邵亦唯缓缓在床边坐下,既然是金童,为何要署名涯呢?这个他寻找了三年却不见踪迹的人,怎么会突然出现在这里?
难道,真的是他?
这一切,恐怕要问金童才知道!
邵亦唯伸手推了推金童:“童儿,醒一醒!醒一醒!”
“唔,晏晏,别闹。”金童不耐烦的拨开他的手,翻过身背对他。
晏晏?风晏?邵亦唯皱起眉头,从自己喜欢的人口中听到别的男人的名字,任谁都会不爽快。
“童儿,醒醒。”邵亦唯直接将金童拉起来。
“晏晏,你干什么?”金童不满的嘟囔着,迷糊的睁开眼睛,“晏晏你,咦?晏晏你怎么变成邵亦唯的样子了?”
“朕就是!”邵亦唯拍拍他的脸让他清醒一点。
“你就是邵亦唯?你怎么跑到风月楼来啦?”金童惊讶的瞪大眼。
“这句话应该是朕问你才对,”邵亦唯道,“你怎么跑到太子殿来了?”
“太子殿?!”金童惊叫一声,“怎么可能?我只是睡一觉而已,怎么跑到太子殿来了?”
邵亦唯无语。
“你再想想,你睡着前见到谁了?”邵亦唯不放弃的问。
“哦,我睡着前见到水无……啊!”金童气呼呼道,“我知道了,就是他给我喝了一杯果酒,然后我就好困,然后就睡着了,醒来就在这了!哼,肯定是他故意搞的鬼,看我不让晏晏教训他!”
邵亦唯眼一亮:“你说的是水无……涯?”
金童头摇的跟拨浪鼓一样:“不是不是,我什么也没说!”
金童欲盖弥彰的样子让邵亦唯更加确信,又惊又喜道:“他还活着?他真的还活着?”
“什么他还活着?他一直都好好的啊?”金童疑惑的说完,连忙又一捂嘴。
“他在哪?”邵亦唯猛的抓住金童的双肩摇晃,“快告诉朕他在哪?”
金童被晃的眼冒金星:“你问他干什么?你们又不认识。”
“谁说朕不认识他,朕……你只要告诉朕他在哪就行了!”
“哦~~”金童一脸恍然大悟的坏笑道,“我知道了,你喜欢他对不对?”
邵亦唯一怔,否认道:“朕怎么会喜欢他,朕喜欢的是你!”
床头的帷帐后似乎有什么东西响了一下,邵亦唯望过去,又被金童扯回来:“喂,既然你说喜欢我,怎么一见我就问别人的事啊?”

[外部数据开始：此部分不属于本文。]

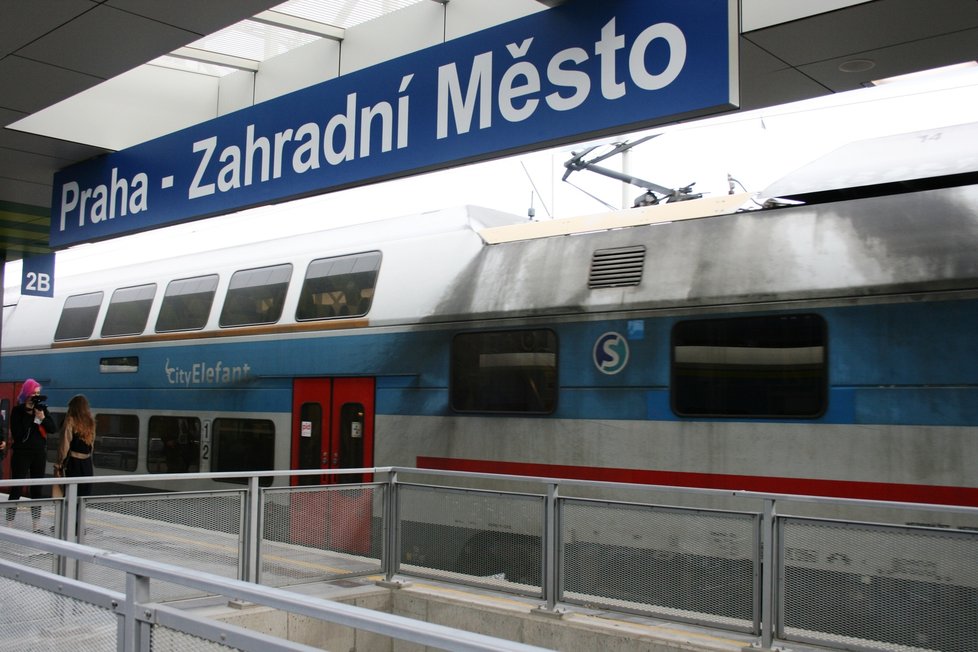 Na Zahradním městě se otevřela nová železniční stanice Praha-Zahradní Město. (24. září 2021)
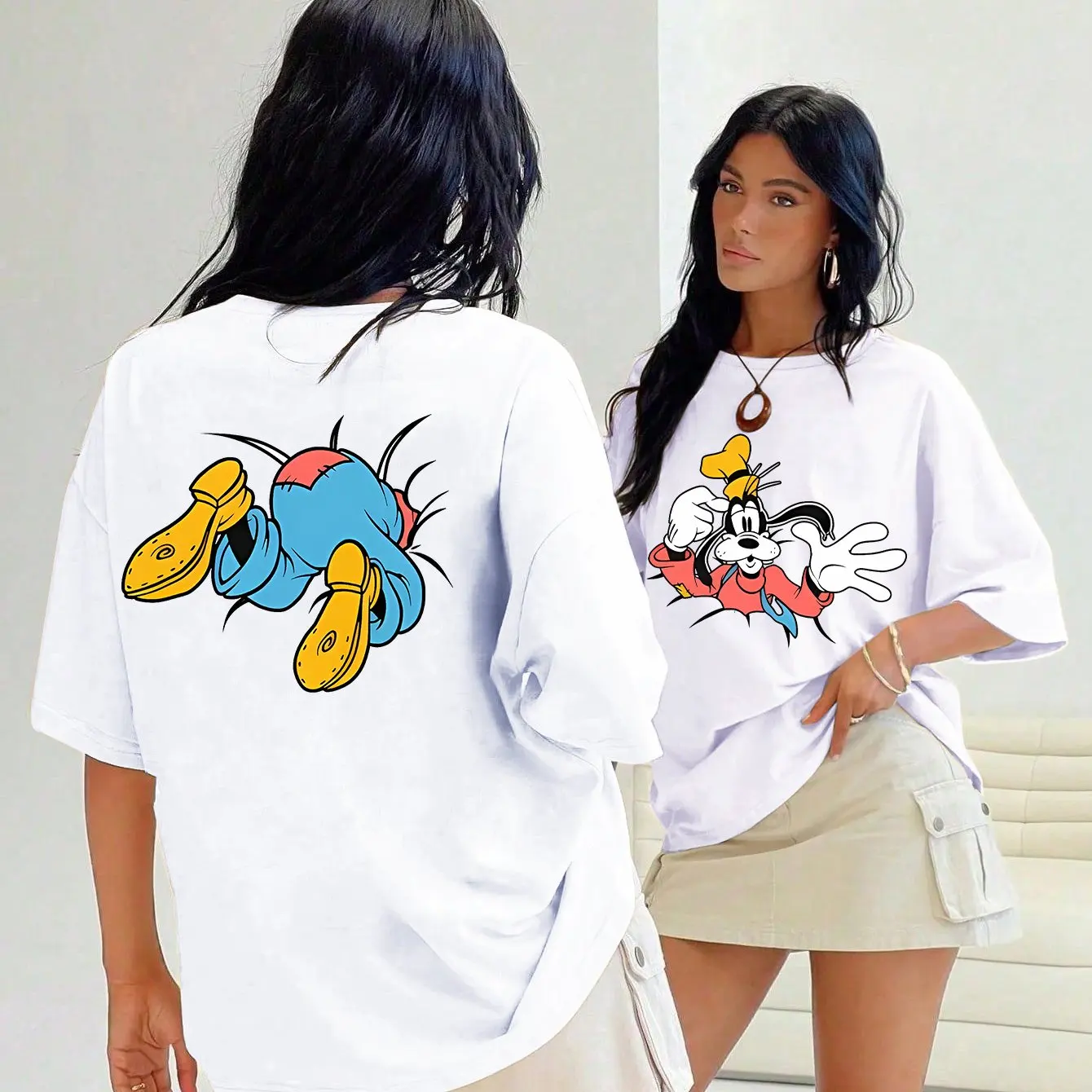 Camiseta con estampado de dibujos animados peculiar y licencia para mujer, camiseta de doble cara con elemento roto encantador, camiseta de verano con cuello redondo, camiseta de dibujos animados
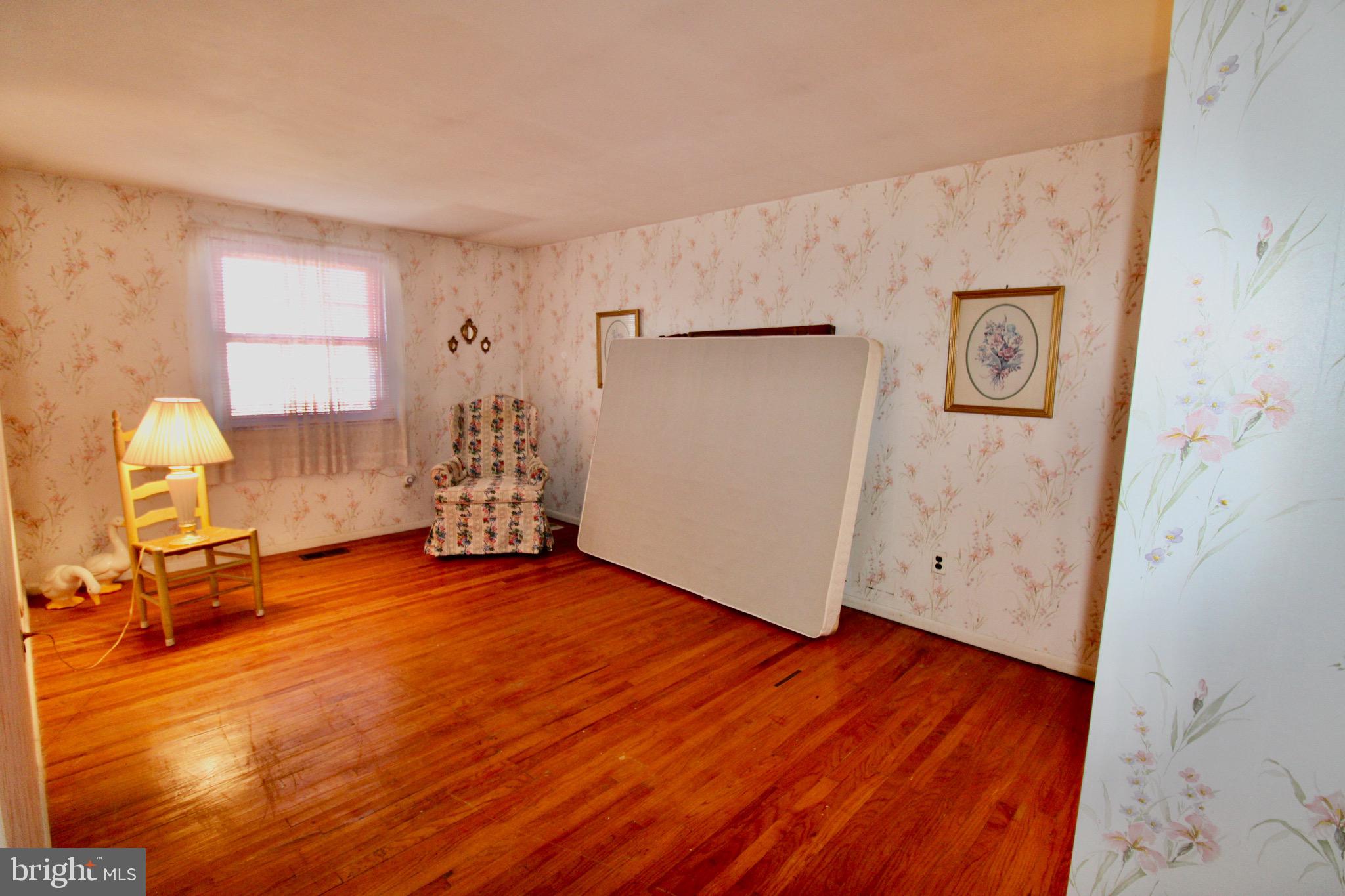 12038 Farwell Road Philadelphia, PA 19154 - Photo 11 of 20 Primary Bedroom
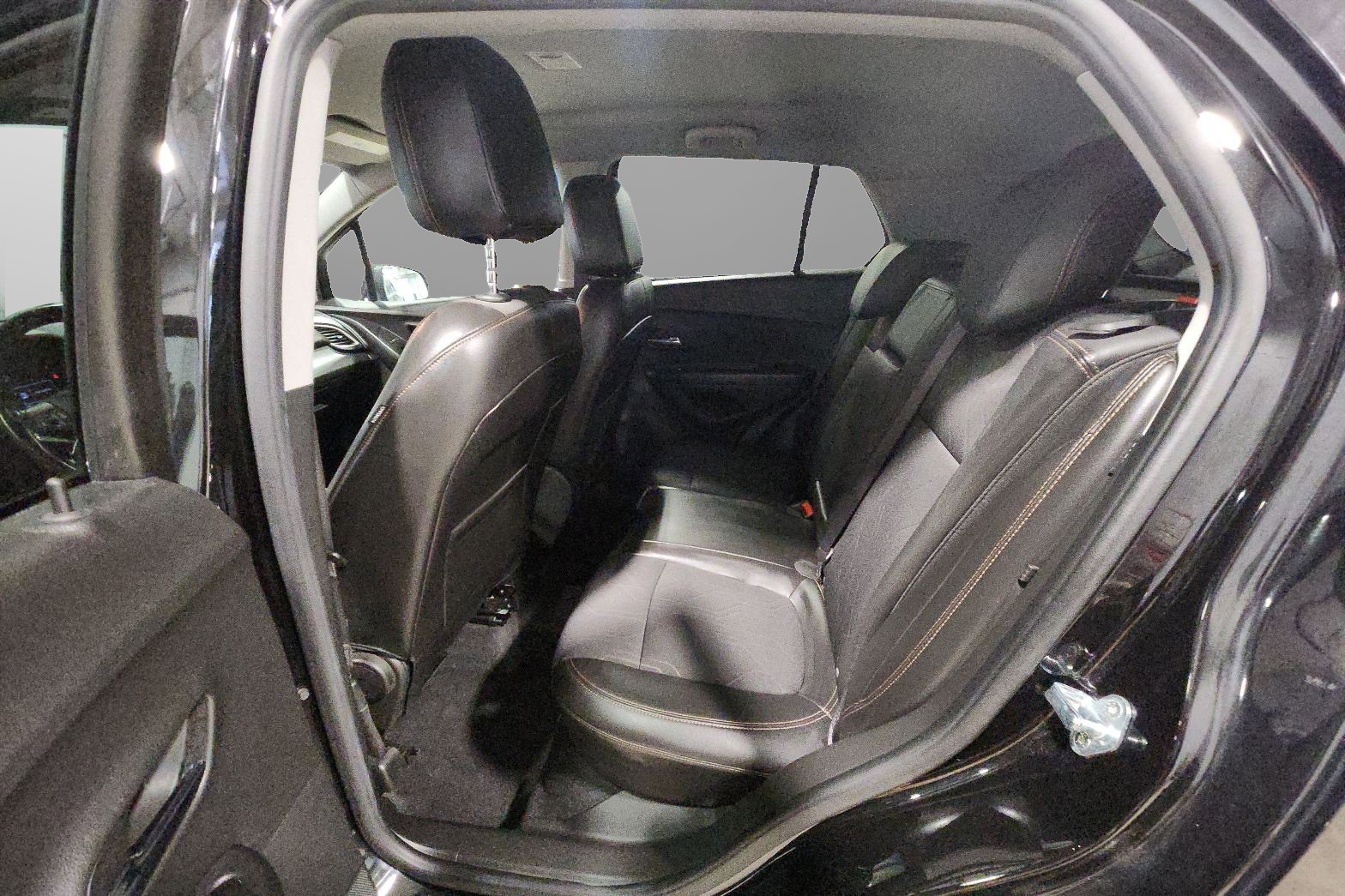 Used 2019 Chevrolet Trax LT w/ LPO, Protection Package image 28
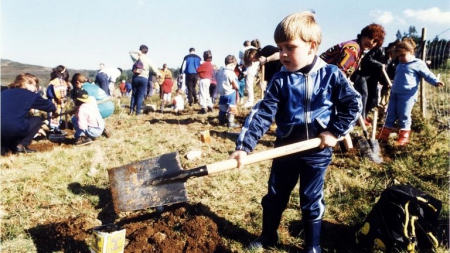 Voz Natura cumple un cuarto de siglo luchando contra el fuego y reforestando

“朕……”邵亦唯顿时把那声响给忘了,道,“朕喜欢你,但他可以为朕死,朕要留他在身边。”
金童翻了个白眼:“好吧,既然你喜欢我,那我这个人可是很霸道的,喜欢我就不能喜欢别人,身边也不能有别人,你要喜欢我就再也不准提起他!”
邵亦唯眉头皱起:“朕是皇帝,三宫六院本就是正常的。”
“我还是太子咧!”金童瞪眼道,反正金国没说撤销他的太子之位,他就继续打着太子的名头招摇撞骗~“你选吧,要我还是要他!”
“童儿。”邵亦唯眉头皱的更紧。
“喊儿童都不行,”金童下巴一昂,“快选快选,不然我可走了哦。”
邵亦唯两难抉择,他明白金童的脾气,硬来是不行的。而且就算强留,风晏也能救走他。
一个是他一直想得到的人,一个是也许根本不在人世的人,怎么选?
“其实嘛,你根本不是喜欢我,不然也不会这么犹豫,”金童一副我就知道的样子,“你顶多就是对我有一点点好感而已啦。”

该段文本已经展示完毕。